Antokolsky became more and more involved in the problems of humanity - he created impressive "cosmopolitan" (as Stasov put it) images of Christ, Spinoza, Socrates and other "friends of mankind". Like many of his contemporaries, Antokolsky regarded the very process of creative activity and artists as embodiments of moral principles: "We, artists, are mediators between Man and God, we make people cry and touch their souls, we make them happy, and stimulate and awake the good in them."

Antokolsky himself was far from ascetic: he did not experience the impact of Leo Tolstoy, though many of his contemporaries did. Antokolsky regarded Tolstoy's philosophy critically. He stated: "Somebody sent me a book - a kind of a catechism of the world's brotherhood. 253 questions and answers... This is a kind of decadence, this is catechism, the world's monastery with nuns, only this is some ideal materialism, making fire and water equal, this is life without poetry, this is an embalmed mummy... I want to live a full life. I want laughter, joy, I want the sky, the sun, and flowers, I want everybody to be happy, healthy and true... Oh, my God, how foolish I am to wish all this, nobody wants me to."

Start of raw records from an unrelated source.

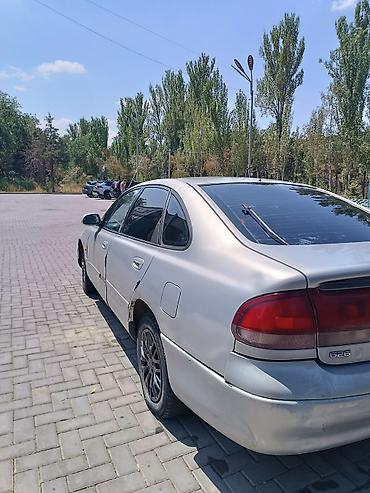 cron: Mazda 626: 1992 г., 1.8 л, Механика, Бензин, Седан — 4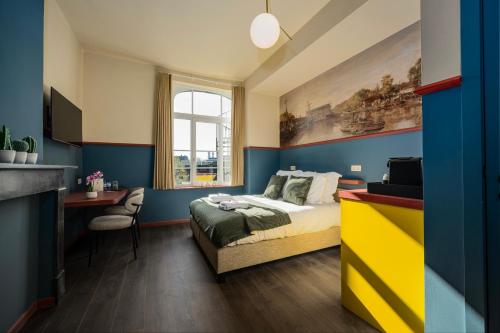 a bedroom with blue and yellow walls and a bed at The Queen's Twelve by Romy&Travis in Bruges
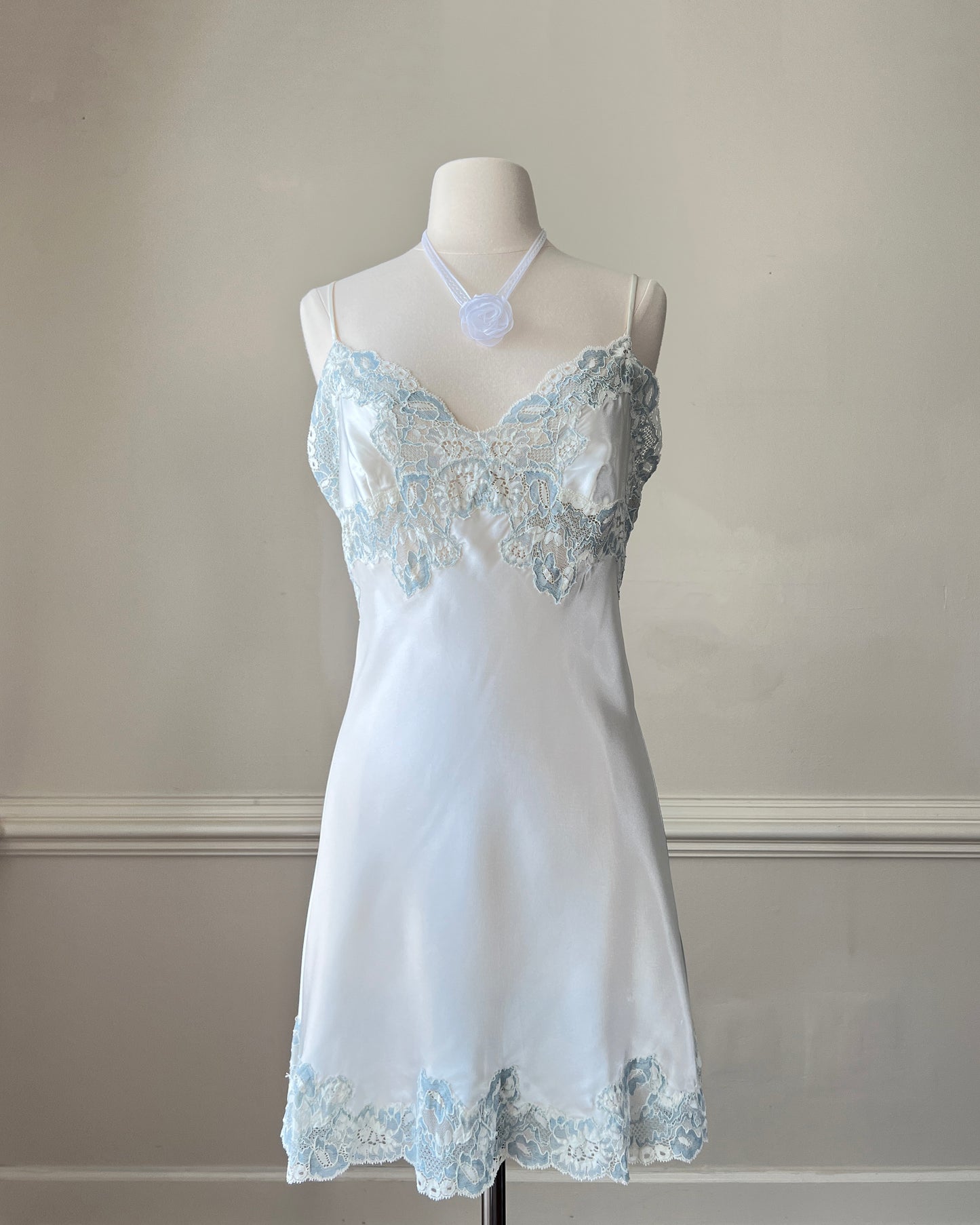 Vintage Victoria’s Secret ivory satin mini slip with blue lace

Antokolsky managed to combine creative and social activity. Having moved from Rome to Paris in 1877 the sculptor was involved in the charitable activity of the "Artistic Society". He assisted Russian artists who came to Paris, and busied himself finding studios for them, selling their pictures, and - if he could - lending them money. In spite of all this, some compatriots were still sceptical of him.

At the end of his life Antokolsky again faced merciless reality. In 1901 - a year before his death - he had to sell his collection of antiques, and even some of his own works.
Antokolsky lived 59 years - not a very long life, and one with its definite ups and downs, its failures and triumphs, attacks from those unfriendly to him and support from his close friends. He lived abroad but he worked for Russia, and he dreamt of returning there. His dream came true only after his death.